When I hand a long task to an agent, the thing I care about most is how undiluted the conversation's context stays. Side questions thrown in midway, rephrasings, things I asked just to test — the more of those fragments pile up, the easier it becomes for the agent to lose sight of the main intent. /btw physically separates the most common source of that dilution from the main thread.

Running several sites in parallel as a personal developer, my head always has two or three tasks faintly running at once. Being able to handle a small question that arises in one of them without dragging it into another task — or into the main context — works in a quieter way than I expected. It is less that the number of interruptions drops, and more that the return after an interruption gets lighter.

How I actually divide it up

After a few days of trying it, this is the rule of thumb I have settled on.

SituationWhat I chooseWhy
A check unrelated to the main thread (a flag, a command name, a spec)/btwI want the answer but not in the history
Research that feeds a main-thread decisionAsk it in the main threadIt is context I will want to revisit, so it should stay
Starting a separate, independent taskA new conversationDifferent premise, cleaner to split off

The single axis I use is: "do I want to read this exchange back later as part of the main context?" If yes, keep it in the main thread. If it can vanish on the spot, send it off to /btw. Since adopting this rule, the conversation history of my long sessions has become far easier to read back.

For the record, v2.1.4 also brought a redesigned quota screen, PDF attachments for Gemini models, and in-conversation search (cmd/ctrl+F). None of these are flashy, but for someone who touches the same tool for long hours every day, updates that refine the texture of the work tend to matter most in the end.

Designing not just what to delegate, but what to ask

When we talk about agent tools, we tend to think about "how much to delegate." But using /btw made me think that there is just as much room to design what to ask, and where.

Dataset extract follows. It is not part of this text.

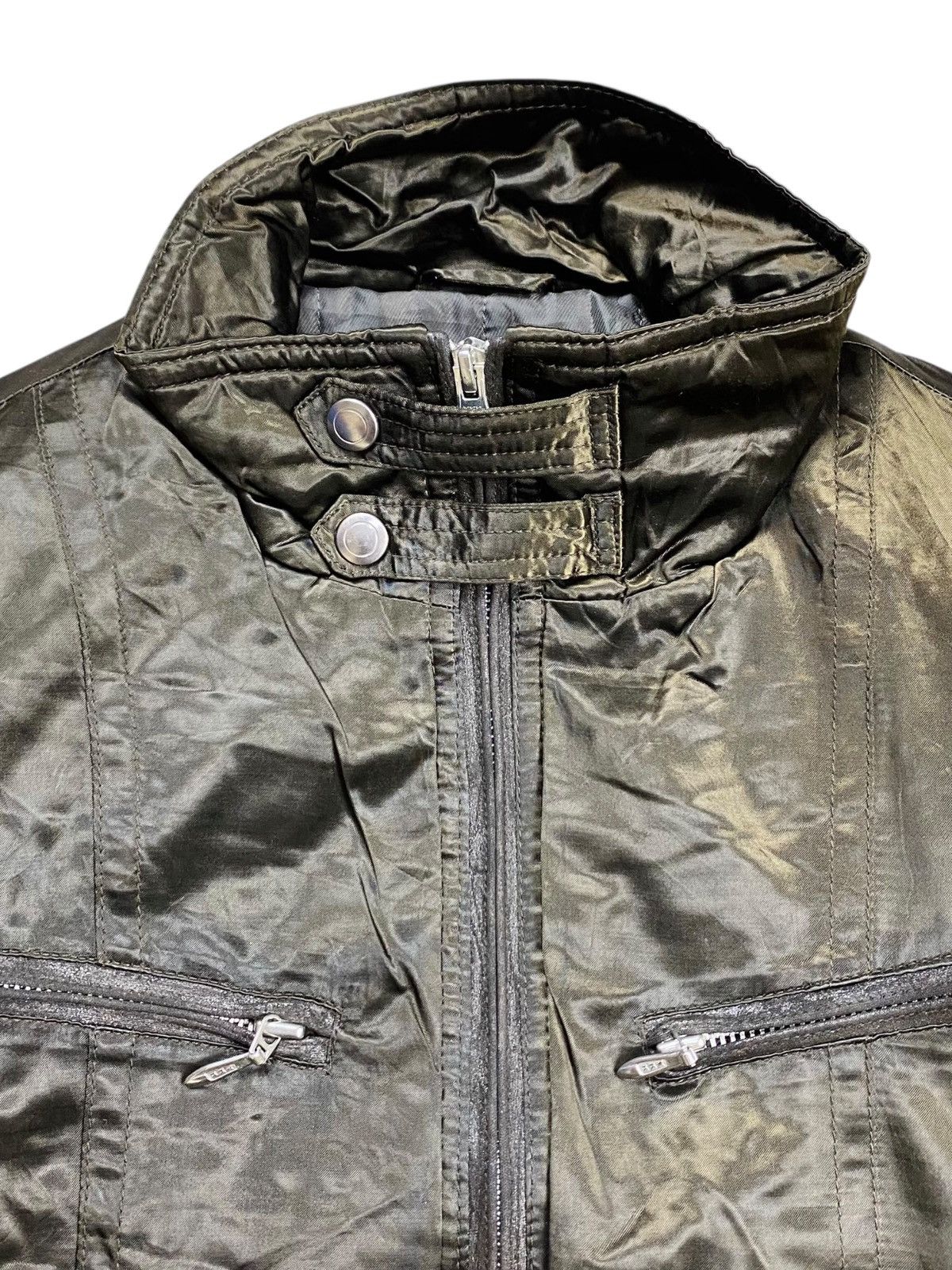 Tornado Mart 2000s Pazzo - Vkei Styler Iridescent Rider Jacket Size US M / EU 48-50 / 2 - 6 Thumbnail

What stays in the main context, and what disappears on the spot. Simply being able to choose that changes the visibility of a long task considerably.

If the feeling of focus being shaved away during long sessions sounds familiar, the next time a side question comes up, try sending it to /btw before throwing it into the main thread. You will probably notice that what you had been losing was never time — it was context.

Thank you for reading to the end. I hope this is useful to anyone else juggling several projects on their own, in how you assemble your work.